Generally speaking, open-source solutions are much cheaper than their proprietary counterparts. The initial investment cost is typically related only to staff training and maintenance and no cost is noted for buying the users’ license. In addition, and especially with small enterprises with constrained budgets, it makes more sense to start exploring open source solutions first. If the project doesn’t require support, you can continue on the community version indefinitely. But as your needs grow, you can decide to migrate to commercially-supported versions.
Why is open-source good for Algeria?
In a challenging socio-economic context, Algeria finds itself lagging behind in the technological development of its digital infrastructure. Importing bulk ready-to-use solutions from tech giants, might provide short-term, short-impacts but the consequences of that are bad in the medium to long term. Relying on these solutions if not well negotiated to ensure knowledge transfer and capacity development will lead to a dependency and the emergence of a digital new-colonialism.

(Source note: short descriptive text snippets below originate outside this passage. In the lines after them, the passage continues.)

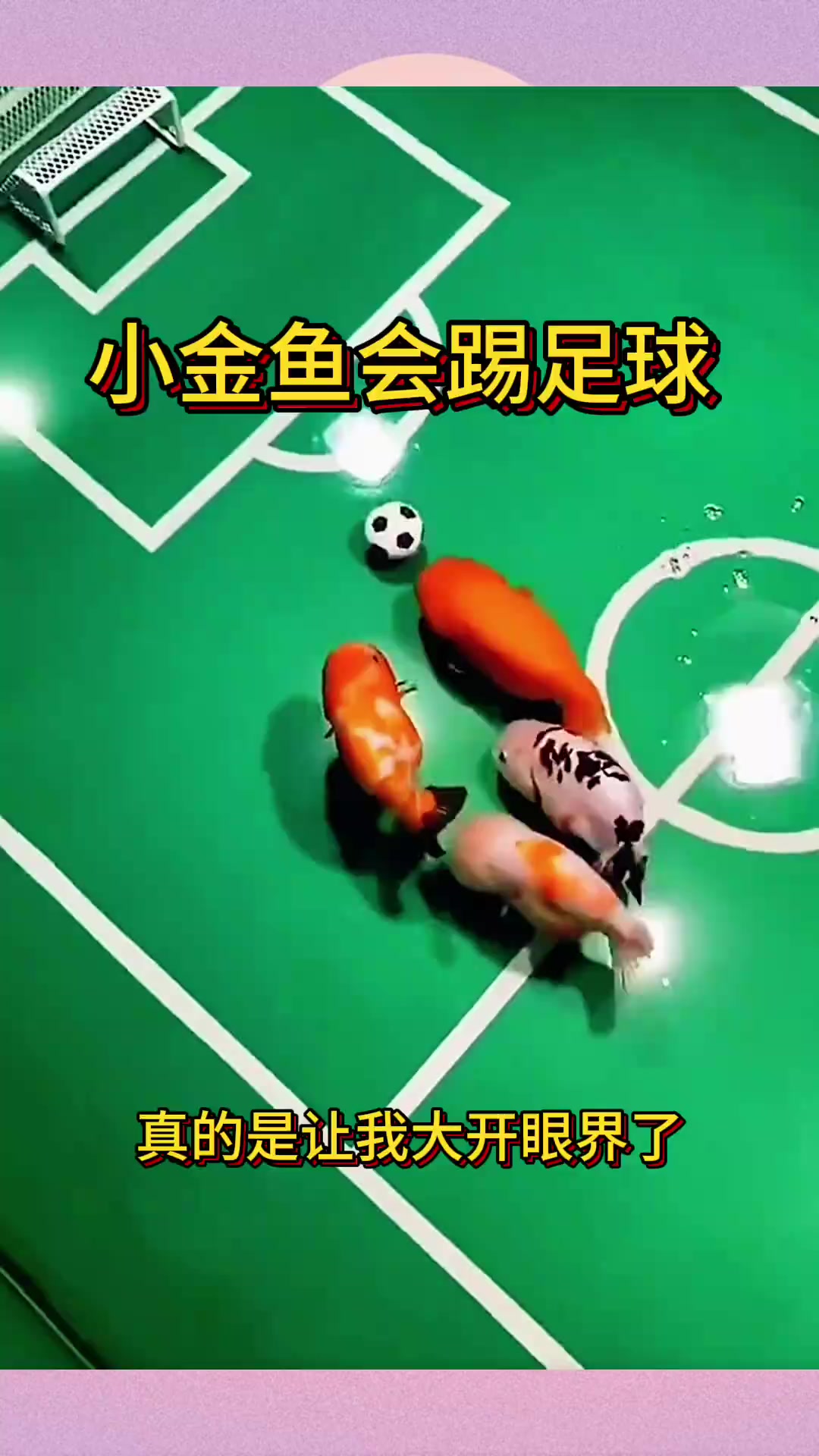 小金鱼踢足球,精准的运到了球门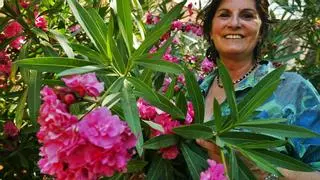 Muere en Barcelona la escritora e incansable viajera Ana María Briongos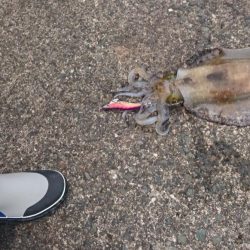 今回も何とかアオリ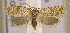  (Isotrias stramentana - TORTAG-TMG-176)  @11 [ ] Copyright (2010) Unspecified Colorado State University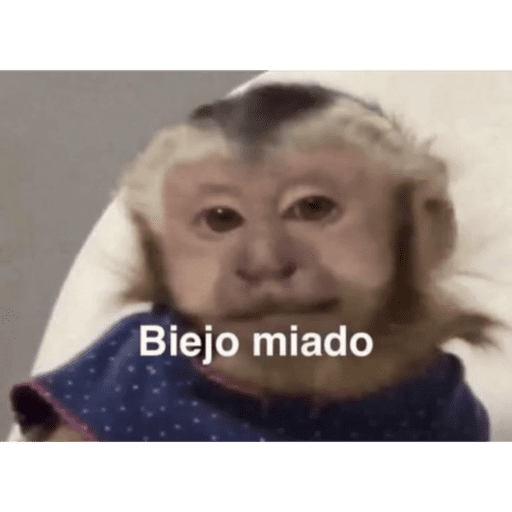 Monkeys 🐒 3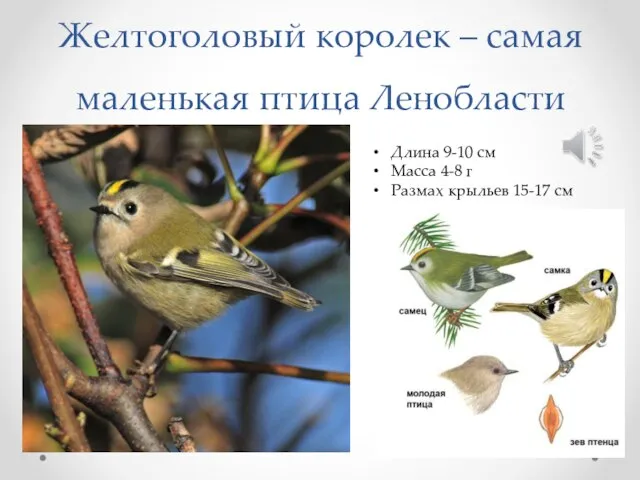 Желтоголовый королек – самая маленькая птица Ленобласти Длина 9-10 см Масса 4-8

Open source solutions are much more appropriate for Algeria and other developing countries. Aside from the financial advantages and efficiency gains that open source software offers in a challenging economical context, open source offers means for knowledge sharing and breaks the chains of global monopolies. There are opportunities for many to learn how the technology they use actually works, and from there, to use that knowledge to innovate according to local needs and using local talent. This will provide Algeria with the required independence to develop solutions according to its needs, drive technological innovation, and improve its economy without having to reinvent the wheel.
Our role in open source development
Geomatic Solutions Company is the leading open-source GIS solutions provider in Algeria. We are firm believers in the power of open source solutions as a strategic approach for accelerating the development of Algeria. Since 2013, we have introduced open-source GIS solutions as alternatives to the imposed proprietary products through project implementation with clients in the public and private sectors.
Since late 2018, the strategy of Geomatic Solutions has changed towards focusing on providing training services as the most effective way to trigger a long term open source adaptation culture in Algeria. We are leading local initiatives to contribute to open source projects like QGIS. We also engage in outreach activities with the mission to democratize open source spatial technologies. The road has been challenging but we will continue until we achieve our goal.
We stand with open arms to any change-maker who wishes to join us in our mission to make open source the norm in Algeria.